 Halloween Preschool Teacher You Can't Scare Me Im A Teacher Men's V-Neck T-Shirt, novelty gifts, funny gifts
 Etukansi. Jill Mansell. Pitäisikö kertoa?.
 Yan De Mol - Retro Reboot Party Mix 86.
__________________________________________________
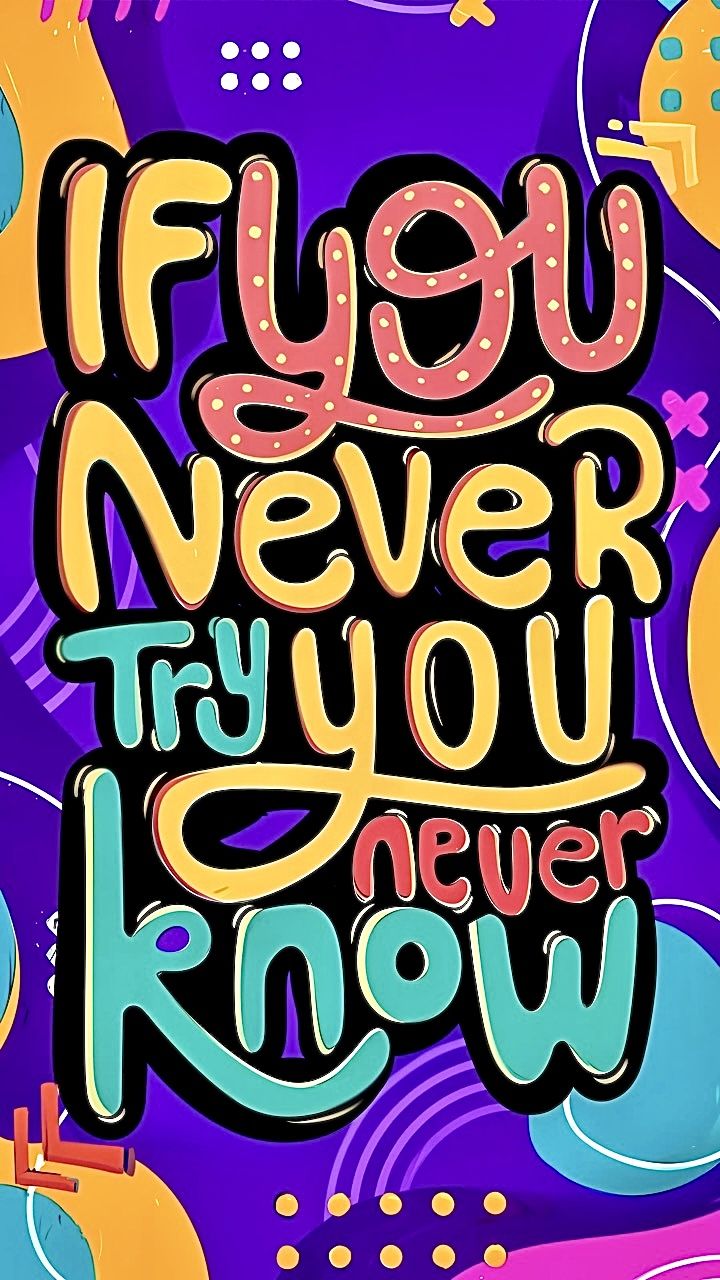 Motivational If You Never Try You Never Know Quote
__________________________________________________
- [About this task]
Once you reach the line with "Etukansi. Jill Mansell. Pitäisikö kertoa?." in the data above, copy it and every line after it exactly, up to and including the line with "Yan De Mol - Retro Reboot Party Mix 86.".

- [Finished exercise]
 Etukansi. Jill Mansell. Pitäisikö kertoa?.
 Yan De Mol - Retro Reboot Party Mix 86.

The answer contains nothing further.